ENGLEWOOD — A recent Harris Interactive survey says 55 percent of U.S. families are not prepared to handle an emergency situation. Floridians are all too familiar with dealing with emergencies, especially during the hurricane season.
‘I think Florida is not where I like it to be, but it’s markedly better than that,’ Charlotte County Emergency Management Director Wayne Sallade said.
People were erring on the side of caution when it came to Tropical Storm Isaac.
‘When the forecast said at the time Isaac was a real threat to us, I saw more people pulling stuff out of the stores than I can remember from just about any storm in my 25 years,’ Sallade said. ‘So at least we’re taking it seriously. A lot of that comes from Hurricane Charley.’
The process is cyclical, as a number of seniors left during the 2004 to 2005 hurricane season when numerous storms bombarded Florida.
‘We had a significant number of seniors who left this region,’ Sallade said. ‘Our median age population actually dropped considerably for a couple of years, with the young people who came in and rebuilt the community after 11,000 homes were destroyed. When the economy fell off the table, they all left and a whole new wave of retirees came back.’
Sarasota County saw a similar cautious approach to Isaac.

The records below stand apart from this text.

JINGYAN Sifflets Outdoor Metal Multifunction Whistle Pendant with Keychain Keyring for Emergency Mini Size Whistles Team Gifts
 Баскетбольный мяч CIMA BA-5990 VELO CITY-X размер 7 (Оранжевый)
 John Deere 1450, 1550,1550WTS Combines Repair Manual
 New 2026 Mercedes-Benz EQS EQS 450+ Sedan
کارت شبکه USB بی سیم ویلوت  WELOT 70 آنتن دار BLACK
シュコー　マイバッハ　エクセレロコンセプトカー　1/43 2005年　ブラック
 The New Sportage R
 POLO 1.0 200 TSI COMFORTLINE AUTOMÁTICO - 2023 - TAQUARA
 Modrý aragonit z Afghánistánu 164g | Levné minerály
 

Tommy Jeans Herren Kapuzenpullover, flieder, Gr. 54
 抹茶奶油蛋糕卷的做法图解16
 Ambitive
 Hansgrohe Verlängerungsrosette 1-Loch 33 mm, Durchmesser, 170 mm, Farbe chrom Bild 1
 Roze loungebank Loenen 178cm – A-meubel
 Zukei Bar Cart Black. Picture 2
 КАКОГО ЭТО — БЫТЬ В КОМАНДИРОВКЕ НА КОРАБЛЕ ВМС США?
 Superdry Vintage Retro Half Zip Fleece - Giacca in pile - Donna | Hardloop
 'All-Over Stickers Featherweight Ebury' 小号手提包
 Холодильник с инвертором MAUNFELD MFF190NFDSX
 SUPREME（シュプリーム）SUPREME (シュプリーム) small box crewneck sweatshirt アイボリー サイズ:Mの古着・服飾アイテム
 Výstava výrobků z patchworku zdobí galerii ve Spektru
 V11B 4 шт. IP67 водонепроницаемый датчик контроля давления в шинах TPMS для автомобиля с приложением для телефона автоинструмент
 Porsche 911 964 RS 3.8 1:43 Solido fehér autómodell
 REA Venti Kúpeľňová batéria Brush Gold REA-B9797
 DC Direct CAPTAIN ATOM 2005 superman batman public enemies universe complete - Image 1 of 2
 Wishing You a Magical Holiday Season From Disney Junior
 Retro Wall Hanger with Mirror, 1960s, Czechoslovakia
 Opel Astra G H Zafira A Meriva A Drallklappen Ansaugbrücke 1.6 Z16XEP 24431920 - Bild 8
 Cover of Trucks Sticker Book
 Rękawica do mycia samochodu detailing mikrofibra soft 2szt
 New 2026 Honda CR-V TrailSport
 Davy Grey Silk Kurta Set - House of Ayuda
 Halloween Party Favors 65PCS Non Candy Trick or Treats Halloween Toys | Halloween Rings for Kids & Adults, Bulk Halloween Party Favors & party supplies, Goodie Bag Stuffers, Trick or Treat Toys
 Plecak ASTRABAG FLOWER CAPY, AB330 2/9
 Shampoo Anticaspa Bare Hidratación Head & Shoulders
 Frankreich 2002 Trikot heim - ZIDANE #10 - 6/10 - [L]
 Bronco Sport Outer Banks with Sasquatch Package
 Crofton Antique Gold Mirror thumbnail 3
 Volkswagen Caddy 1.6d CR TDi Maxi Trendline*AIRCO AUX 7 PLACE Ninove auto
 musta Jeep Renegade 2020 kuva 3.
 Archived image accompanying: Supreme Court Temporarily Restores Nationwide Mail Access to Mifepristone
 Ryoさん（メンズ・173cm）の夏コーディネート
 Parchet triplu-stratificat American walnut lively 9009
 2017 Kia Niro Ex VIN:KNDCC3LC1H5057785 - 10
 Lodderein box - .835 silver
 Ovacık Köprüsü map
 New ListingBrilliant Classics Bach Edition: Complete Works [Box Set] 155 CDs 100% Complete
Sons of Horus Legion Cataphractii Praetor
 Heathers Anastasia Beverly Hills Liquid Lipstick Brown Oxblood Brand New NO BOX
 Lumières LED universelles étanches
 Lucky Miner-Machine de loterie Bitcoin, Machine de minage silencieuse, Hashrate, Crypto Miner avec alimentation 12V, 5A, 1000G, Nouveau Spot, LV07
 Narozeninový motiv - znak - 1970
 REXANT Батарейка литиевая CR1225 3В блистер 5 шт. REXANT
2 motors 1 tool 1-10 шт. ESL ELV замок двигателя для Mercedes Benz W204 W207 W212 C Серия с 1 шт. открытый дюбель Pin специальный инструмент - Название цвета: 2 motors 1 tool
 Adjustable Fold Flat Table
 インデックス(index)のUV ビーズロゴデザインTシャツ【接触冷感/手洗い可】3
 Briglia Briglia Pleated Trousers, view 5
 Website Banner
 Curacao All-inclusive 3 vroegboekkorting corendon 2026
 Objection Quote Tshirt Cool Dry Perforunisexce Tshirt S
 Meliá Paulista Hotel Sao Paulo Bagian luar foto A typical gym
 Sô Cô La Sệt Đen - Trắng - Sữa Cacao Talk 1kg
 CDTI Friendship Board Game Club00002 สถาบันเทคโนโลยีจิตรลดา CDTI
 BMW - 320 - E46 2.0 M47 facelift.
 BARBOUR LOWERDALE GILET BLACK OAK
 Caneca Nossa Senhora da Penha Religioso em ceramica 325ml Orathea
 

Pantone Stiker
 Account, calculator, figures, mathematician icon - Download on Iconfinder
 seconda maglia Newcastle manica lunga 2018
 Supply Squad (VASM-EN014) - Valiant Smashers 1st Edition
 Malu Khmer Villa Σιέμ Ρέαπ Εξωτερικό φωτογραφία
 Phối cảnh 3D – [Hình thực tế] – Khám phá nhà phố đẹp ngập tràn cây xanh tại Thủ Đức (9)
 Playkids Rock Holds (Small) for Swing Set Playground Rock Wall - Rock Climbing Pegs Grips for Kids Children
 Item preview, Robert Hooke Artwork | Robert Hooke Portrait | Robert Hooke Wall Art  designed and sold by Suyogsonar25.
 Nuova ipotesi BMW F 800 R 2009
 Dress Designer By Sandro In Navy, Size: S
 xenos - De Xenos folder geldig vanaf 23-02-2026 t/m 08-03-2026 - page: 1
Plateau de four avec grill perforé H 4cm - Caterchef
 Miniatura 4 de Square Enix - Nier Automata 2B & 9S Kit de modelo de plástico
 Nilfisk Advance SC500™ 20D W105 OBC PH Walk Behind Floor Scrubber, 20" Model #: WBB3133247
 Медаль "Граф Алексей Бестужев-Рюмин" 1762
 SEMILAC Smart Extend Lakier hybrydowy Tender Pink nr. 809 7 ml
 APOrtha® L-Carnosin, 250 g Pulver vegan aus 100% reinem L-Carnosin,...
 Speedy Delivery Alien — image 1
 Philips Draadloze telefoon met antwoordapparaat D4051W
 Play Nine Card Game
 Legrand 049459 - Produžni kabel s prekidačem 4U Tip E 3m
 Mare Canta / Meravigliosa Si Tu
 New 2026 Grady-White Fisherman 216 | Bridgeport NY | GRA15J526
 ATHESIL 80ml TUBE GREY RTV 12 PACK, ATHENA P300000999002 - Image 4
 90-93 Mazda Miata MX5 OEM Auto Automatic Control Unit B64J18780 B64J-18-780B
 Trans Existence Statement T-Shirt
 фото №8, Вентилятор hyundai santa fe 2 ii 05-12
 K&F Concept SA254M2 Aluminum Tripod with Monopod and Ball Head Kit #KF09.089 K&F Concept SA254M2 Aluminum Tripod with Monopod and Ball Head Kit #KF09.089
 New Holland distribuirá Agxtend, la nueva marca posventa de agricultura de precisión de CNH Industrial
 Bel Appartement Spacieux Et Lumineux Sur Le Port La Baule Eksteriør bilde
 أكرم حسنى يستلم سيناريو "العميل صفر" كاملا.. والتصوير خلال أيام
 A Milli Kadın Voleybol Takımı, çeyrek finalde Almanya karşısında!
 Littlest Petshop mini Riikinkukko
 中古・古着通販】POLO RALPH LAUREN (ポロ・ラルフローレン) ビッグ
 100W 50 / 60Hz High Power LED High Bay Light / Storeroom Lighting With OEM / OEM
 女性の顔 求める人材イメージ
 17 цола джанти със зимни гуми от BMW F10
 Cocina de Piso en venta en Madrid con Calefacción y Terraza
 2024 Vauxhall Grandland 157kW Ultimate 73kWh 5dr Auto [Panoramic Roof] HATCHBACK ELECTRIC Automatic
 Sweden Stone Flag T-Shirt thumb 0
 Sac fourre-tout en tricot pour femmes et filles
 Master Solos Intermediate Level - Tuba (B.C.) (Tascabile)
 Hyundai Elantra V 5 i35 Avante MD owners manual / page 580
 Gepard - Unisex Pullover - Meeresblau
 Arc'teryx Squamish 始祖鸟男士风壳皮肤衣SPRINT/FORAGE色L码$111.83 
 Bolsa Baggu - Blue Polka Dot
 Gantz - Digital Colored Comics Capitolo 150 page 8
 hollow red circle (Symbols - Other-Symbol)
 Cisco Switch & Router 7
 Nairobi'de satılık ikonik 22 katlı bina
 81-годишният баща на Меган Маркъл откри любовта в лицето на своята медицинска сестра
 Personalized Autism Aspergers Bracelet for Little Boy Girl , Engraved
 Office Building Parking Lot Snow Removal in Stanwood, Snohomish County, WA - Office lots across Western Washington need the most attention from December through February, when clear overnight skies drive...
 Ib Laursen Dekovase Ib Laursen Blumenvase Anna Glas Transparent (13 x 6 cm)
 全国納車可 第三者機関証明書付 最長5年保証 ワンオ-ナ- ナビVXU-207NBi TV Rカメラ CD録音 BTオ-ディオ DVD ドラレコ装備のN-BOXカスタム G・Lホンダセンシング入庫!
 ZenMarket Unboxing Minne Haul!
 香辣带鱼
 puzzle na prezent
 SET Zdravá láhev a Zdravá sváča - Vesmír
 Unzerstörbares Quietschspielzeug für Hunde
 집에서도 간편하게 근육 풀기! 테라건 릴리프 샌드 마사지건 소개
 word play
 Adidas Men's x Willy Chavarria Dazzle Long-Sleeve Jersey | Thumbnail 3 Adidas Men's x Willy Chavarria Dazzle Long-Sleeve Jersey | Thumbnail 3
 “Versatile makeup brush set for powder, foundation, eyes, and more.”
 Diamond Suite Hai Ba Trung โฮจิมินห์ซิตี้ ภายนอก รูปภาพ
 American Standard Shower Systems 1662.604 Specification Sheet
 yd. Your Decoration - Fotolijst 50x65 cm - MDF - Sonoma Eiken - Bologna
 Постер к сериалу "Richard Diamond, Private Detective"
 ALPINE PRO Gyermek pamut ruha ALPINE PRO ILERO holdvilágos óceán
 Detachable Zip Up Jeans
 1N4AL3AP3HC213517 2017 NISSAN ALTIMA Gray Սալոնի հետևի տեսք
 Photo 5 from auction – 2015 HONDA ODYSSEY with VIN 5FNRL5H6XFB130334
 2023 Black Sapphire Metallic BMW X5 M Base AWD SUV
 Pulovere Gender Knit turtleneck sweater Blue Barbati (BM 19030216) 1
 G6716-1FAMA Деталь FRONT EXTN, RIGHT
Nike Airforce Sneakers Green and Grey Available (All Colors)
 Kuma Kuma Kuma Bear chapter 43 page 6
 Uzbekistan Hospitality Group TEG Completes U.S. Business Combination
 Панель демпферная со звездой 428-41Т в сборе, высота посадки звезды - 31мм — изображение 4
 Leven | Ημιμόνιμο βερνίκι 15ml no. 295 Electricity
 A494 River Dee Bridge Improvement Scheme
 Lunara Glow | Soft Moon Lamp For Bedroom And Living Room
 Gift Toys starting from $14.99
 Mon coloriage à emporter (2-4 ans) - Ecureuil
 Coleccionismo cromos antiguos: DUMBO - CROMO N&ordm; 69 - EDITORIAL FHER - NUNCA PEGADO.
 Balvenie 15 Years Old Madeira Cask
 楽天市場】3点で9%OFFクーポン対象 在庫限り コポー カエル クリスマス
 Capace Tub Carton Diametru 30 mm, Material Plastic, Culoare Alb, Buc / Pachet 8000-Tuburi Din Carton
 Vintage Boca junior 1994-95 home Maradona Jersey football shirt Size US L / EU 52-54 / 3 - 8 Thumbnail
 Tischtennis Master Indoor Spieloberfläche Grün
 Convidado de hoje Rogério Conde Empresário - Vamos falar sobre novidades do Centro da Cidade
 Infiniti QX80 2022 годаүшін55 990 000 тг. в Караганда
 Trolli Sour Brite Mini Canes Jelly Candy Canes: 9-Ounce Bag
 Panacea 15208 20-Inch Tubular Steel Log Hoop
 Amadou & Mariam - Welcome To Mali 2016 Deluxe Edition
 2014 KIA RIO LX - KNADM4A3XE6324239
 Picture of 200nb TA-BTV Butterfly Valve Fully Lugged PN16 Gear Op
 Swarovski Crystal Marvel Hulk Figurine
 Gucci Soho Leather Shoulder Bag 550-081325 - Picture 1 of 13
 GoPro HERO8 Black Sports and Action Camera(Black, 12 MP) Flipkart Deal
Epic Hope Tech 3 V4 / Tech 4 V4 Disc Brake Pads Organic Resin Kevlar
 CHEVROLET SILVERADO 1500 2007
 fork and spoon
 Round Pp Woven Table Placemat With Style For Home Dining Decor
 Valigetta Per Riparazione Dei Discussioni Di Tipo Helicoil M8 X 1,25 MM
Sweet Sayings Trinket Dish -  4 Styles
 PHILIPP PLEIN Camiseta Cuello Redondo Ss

‘It’s a continuous process. We can never stop preaching the message and talking to people about being prepared, because the next year we could be hit by a major storm,’ Sarasota County Emergency Management Chief Ed McCrane said.
While storm activity has not topped the level of 2004 and 2005, the Federal Emergency Management Agency and the Department of Homeland Security are considering some changes to disaster management for Florida.
‘Well, it looks like after this year, the threshold for damages is probably going to go up,’ McCrane said. ‘We’ve just heard talk, nothing solid in writing yet. We heard talk that’s going to pick a higher damage level to justify a residential declaration. So they thought after Isaac and Debby that maybe the thresholds are too low. It doesn’t look like our area is going to get any reimbursement at all from Tropical Storm Isaac, but we did get declared for Debby.’
McCrane said he will be meeting with other emergency directors from other counties in late October to discuss more in depth about the thresholds, but nothing is definitive.
Pat Bieneman, manager of Coldwell Banker Sunstar Realty and director of the Englewood Area Board of Realtors, tries to get her clients to buy flood insurance when buying a home.
‘Most of this county is in a flood zone,’ Bieneman said. ‘If there’s a loan out on the house, they have to get the flood (insurance), and that’s just part of the deal. If they’re a cash buyer, we definitely are letting them know that they’re in a flood zone and they should definitely consider it. I don’t think anybody can go without it.’
Bieneman says as long as homes are equipped with the latest in hurricane protection, such as impact glass and hurricane shutters, flood and wind insurance rates should be relatively low.
‘There are all sorts of emergencies that can happen,’ McCrane said. ‘People need to have a plan on how they’re going to deal with it. We’ve had wildfires in neighborhoods before on the east side of the county.’